Frequency Discrimination (DLF) for Pure Tones
Figure 6 shows the DLF results (mean of two measurements) of the early-implanted CI users, late-implanted CI users, and the NH group (non-vocoded). One-way ANOVA with group as the between-subject variable revealed a significant effect of group [F(2,24) = 15.539, p < 0.001], with the NH group showing better thresholds than the early-implanted and the late-implanted CI users (p < 0.001). No significant difference was shown between the two CI groups. No significant correlations were found between mean DLF and F0 DL, VTL DL, or F0 + VTL DL (p > 0.05) for the CI users. No association was found between mean DLF and age at implantation (p > 0.05).
Cognitive Function
Results on the cognitive tests for the early-implanted group, late-implanted group, and control group are shown in Table 5. T test for two-sided hypothesis comparisons between the two CI groups indicated no significant difference (p > 0.05). Moreover, cognitive test scores did not correlate with VTL, F0, or F0 + VTL results, when age at implantation was held as a continuous covariate variable, except for a significant correlation between results on the trail B and VTL DL [r(16) = 0.64, p = 0.031]. Age at implantation explained 40% of the variance in the trail B results [r(16) = 0.63, p = 0.04]. One-way ANOVAs conducted on the Wechsler and trail test scores with group (early-implanted, late-implanted, control) as the between-subject variable revealed a significant effect of group only for the Wechsler forward digit span results [F(2, 25) = 8.613, p = 0.002], with the NH control group showing better results than the early-implanted CI users (p = 0.007). No other significant differences were found.
Table 5.
“Early-implanted” (n = 9) | “Late-implanted” (n = 8) | NH control (n = 9) | |
---|---|---|---|
Trail A (s) | 18.89 (3.63) |
18.91 (4.48) |
16.04 (3.79) |
Trail B (s) | 42.54 (12.01) |
48.24 (19.04) |
40.76 (16.68) |
Wechsler forward (n) | 6.33 (2.96) |
7.25 (2.71) |
9.44 (1.66) |
Wechsler backwards (n) | 6.78 (3.35) |
6.88 (2.23) |
6.22 (2.05) |
Raven (%) | 83.4 (n = 5) (12.68) |
86.29 (n = 7) (8.20) |
Discussion
Effects of Age at Implantation
The present study has two major findings: first, age at implantation was found to be strongly associated with discrimination of VTL but not F0 voice cues. That is, early implantation was found to improve voice discrimination based on VTL cues, with essentially no effect on F0 cues.

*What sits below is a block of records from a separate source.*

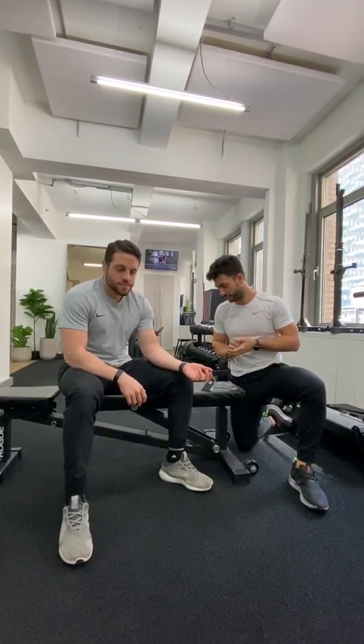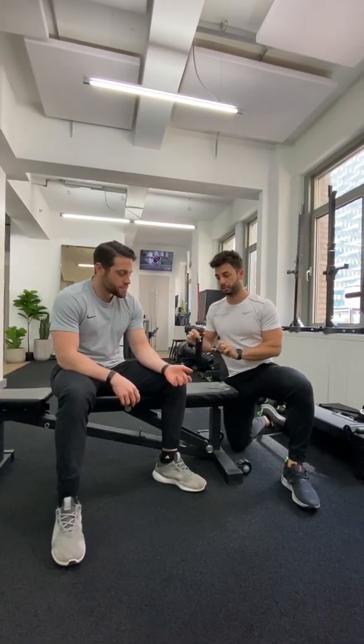Hey guys, Dan Giordano here from Bespoke Treatments. I'm here with Sam today from Bespoke Treatments. Sam's having a little medial elbow tightness on the side, so we're going to use kinesiology tape to increase the blood flow, help monitor the pain a little bit, let the tissue heal itself, and get him back to lifting as strong as possible. We're using the pre-cut Mueller kinesiology tape strips.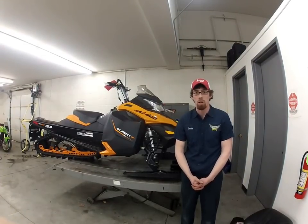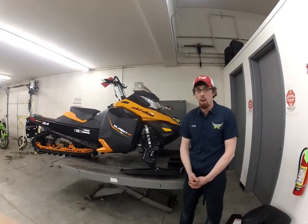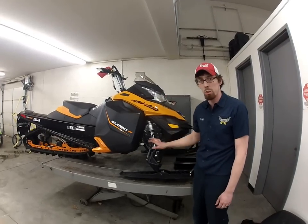Hi everyone, I'm Daniel of Birds of Prey. I work in the service department. Today we're going to talk for just a minute about your snowmobile's front suspension system.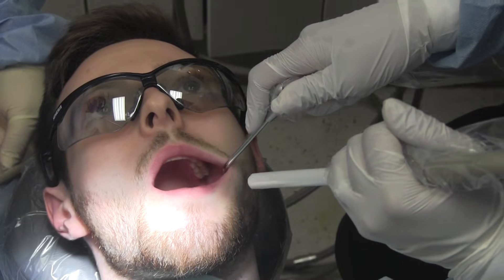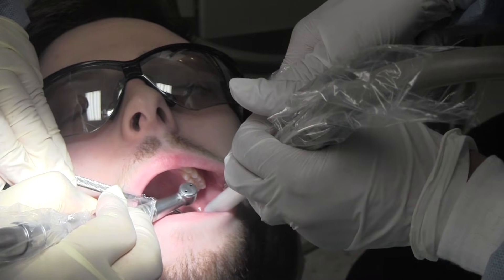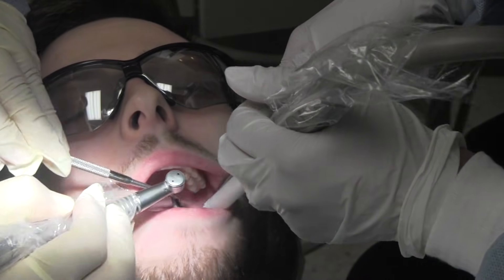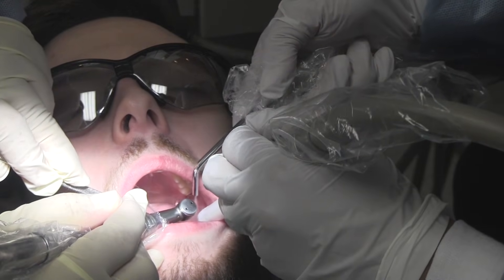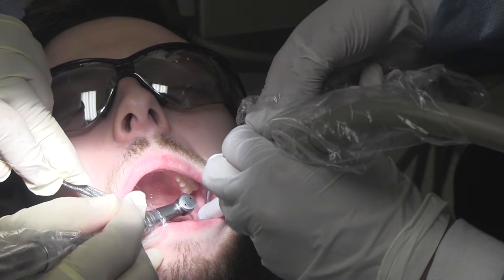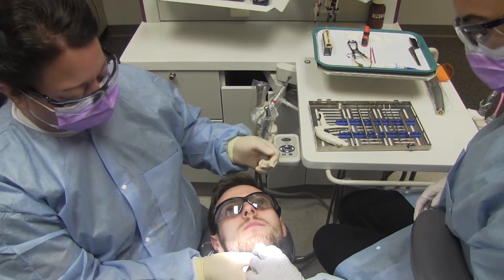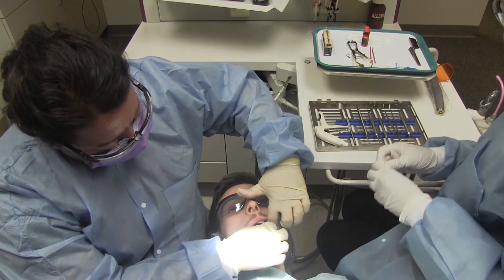Gently retract the patient's cheek and or tongue away from the treatment area while suctioning to provide a clear line of vision and ample space for the dentist to work as the tooth is prepared. After the dentist has finished preparing the tooth and cleared all decay, rinse the tooth well and air-dry. Maintain a dry field by placing cotton rolls, gauze, or dry angles at the site to prevent the buildup of any moisture.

Second, a moderate positive relationship was found between VTL discrimination and speech recognition scores, but not with frequency discrimination of pure tones or cognitive measures for the CI users.
For those subjects categorized as being implanted late, they also experienced longer durations of deafness than those subjects implanted early. The finding that VTL discrimination was associated with age at implantation may have several possible explanations. First, it may imply that auditory deprivation adversely affects CI users’ ability to process spectral information. This explanation is further supported by studies suggesting the utility of different coding mechanisms for the different cues for voice discrimination. Specifically, although the coding of F0 was shown to depend more on temporal than spectral information (e.g., Fu et al. 2004; Laneau and Wouters 2004; Xu and Pfingst 2008), VTL coding was more strongly dependent on spectral information (Gaudrain and Başkent 2015). Therefore, the finding that only VTL cues were influenced by years of auditory deprivation prior to implantation may suggest that spectral coding is more susceptible than temporal coding to distorted sensory input.
Why might early implantation positively affect spectral processing in adults with prelingual deafness? Although the behavioral results in this study do not directly answer this question, we can speculate from animal studies. Congenital deafness causes almost complete absence of input from the peripheral auditory system, thus adversely affecting both the morphology and the utility of neurons along the auditory pathway (for reviews see Fallon et al. 2014a; Shepherd and Hardie 2001). Findings from animal studies have shown that neonatal deafness causes almost complete loss of normal tonotopic organization (cochleotopy) of the primary auditory cortex (A1) (Dinse et al. 1997; Fallon et al. 2009; Raggio and Schreiner 1999), with minimal effects on the temporal response characteristics of the auditory pathway (Fallon et al. 2014a). This reduced cochleotopy of A1 may predict poor perceptual outcomes following subsequent cochlear implantation primarily due to limited spectral resolution. However, cochleotopy was almost completely restored following the provision of afferent input to A1 via chronic intracochlear electrical stimulation (ICES) shortly after deafness (Fallon et al. 2009) and in some cases after a long period of deafness (Fallon et al. 2014b). These data suggest that cortical connectivity can be restored even following a long period of deafness, weakening the supposition that changes in connectivity are responsible for the poor spectral coding of late-implanted individuals.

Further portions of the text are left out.